So there's a list of these many launchers have been. At one point, they did say they've only destroyed, I think, what half of the actual missile launchers. Right? So, they did -- they did give us a base there. But a lot of these things, it's sort of like, okay, that's a big number of destroyed drones, but maybe it's not big relative to how many they have or what their production capacity is, right? That -- that hasn't been put out.
KIMMITT: Yeah, I think we've been surprised at the resilience of the Iranian military. And I think our intelligence has led us down a little bit because we seem to keep getting the last launcher.
But I've got to repeat, none of those attacks truly matter. That's the body count fallacy we had in Vietnam. The more we kill, the more were going to be successful. This notion that somehow knocking out launchers, notching out air defense systems, knocking out drones is somehow going to military victory, translates to strategic victory, I think that still is a flawed strategy.
BURNETT: Oh, an important to put it -- to put it that way so clearly.
Thank you all very much. I appreciate it.
Barak, thanks to you as well.
And next, the breaking news continues. A rare interview tonight from inside Iran. I'm going to speak with the son of a former Iranian Revolutionary Guard commander. He's close to the regime. He's talking to Iranian officials tonight. He's going to join us live from Tehran and tell us why they are talking about these talks as a trap.

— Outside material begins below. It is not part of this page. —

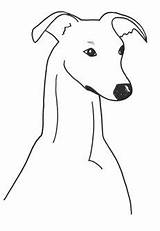 Clipart Whippet Greyhound Galgo Dog Lurcher Thewhippet Outline Clip Line Cliparts Head Detail Silhouette Coloring Clipground Crafts Kitty Cartoon Library sketch template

Also, breaking reports that a vital oil pipeline has been attacked in Saudi Arabia, even in the face of a ceasefire. We'll go live to the ground there.
And bipartisan outrage, as Pam Bondi plans to defy a subpoena regarding the Epstein files.
(COMMERCIAL BREAK)
[19:21:15]
BURNETT: Breaking news, Israel defending its continued strikes across Lebanon. It says they are not part of any ceasefire agreement with Iran. Lebanon says those strikes have killed nearly 200 people today alone, injuring nearly 1,000 others, just today. Vice President Vance tonight said this about the strikes.
(BEGIN VIDEO CLIP)
J.D. VANCE, VICE PRESIDENT OF THE UNITED STATES: The Israelis, as I understand it, again, I'm supposed to get a full report when I get on the plane. Have actually offered to be, frankly, to check themselves a little bit in Lebanon because they want to make sure that our negotiation is successful.
(END VIDEO CLIP)
BURNETT: I want to go to Jeremy Diamond. He's in Tel Aviv tonight.
And, Jeremy, interesting. The vice president there was looking for the words that he wanted to use. Okay? And perhaps that's significant if how he wanted exactly describe it.
What is the latest that Israel is actually saying that you're learning from sources about those strikes in Lebanon and the ceasefire?
JEREMY DIAMOND, CNN JERUSALEM CORRESPONDENT: Well, we're certainly seeing no indication from the Israelis that they are willing to check themselves as it relates to strikes in Lebanon, as the vice president characterized it. What we've seen instead are repeated insistences, both by sources behind the scenes, but also by Israeli officials publicly, that they are going to continue to carry out strikes against Hezbollah in Lebanon.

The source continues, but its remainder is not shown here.